TASK ITEM: Retype the line with "Nakładka próg lewy black saphire 475 do" in it, then each line after it to the end of the data, word for word.

COLLECTED MATERIAL:
━━━━━━━━━━

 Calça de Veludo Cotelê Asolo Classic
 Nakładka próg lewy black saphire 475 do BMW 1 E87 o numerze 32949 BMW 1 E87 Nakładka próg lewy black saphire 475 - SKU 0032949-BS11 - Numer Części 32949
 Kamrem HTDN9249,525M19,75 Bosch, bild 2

━━━━━━━━━━

ANSWER SPACE:
 Nakładka próg lewy black saphire 475 do BMW 1 E87 o numerze 32949 BMW 1 E87 Nakładka próg lewy black saphire 475 - SKU 0032949-BS11 - Numer Części 32949
 Kamrem HTDN9249,525M19,75 Bosch, bild 2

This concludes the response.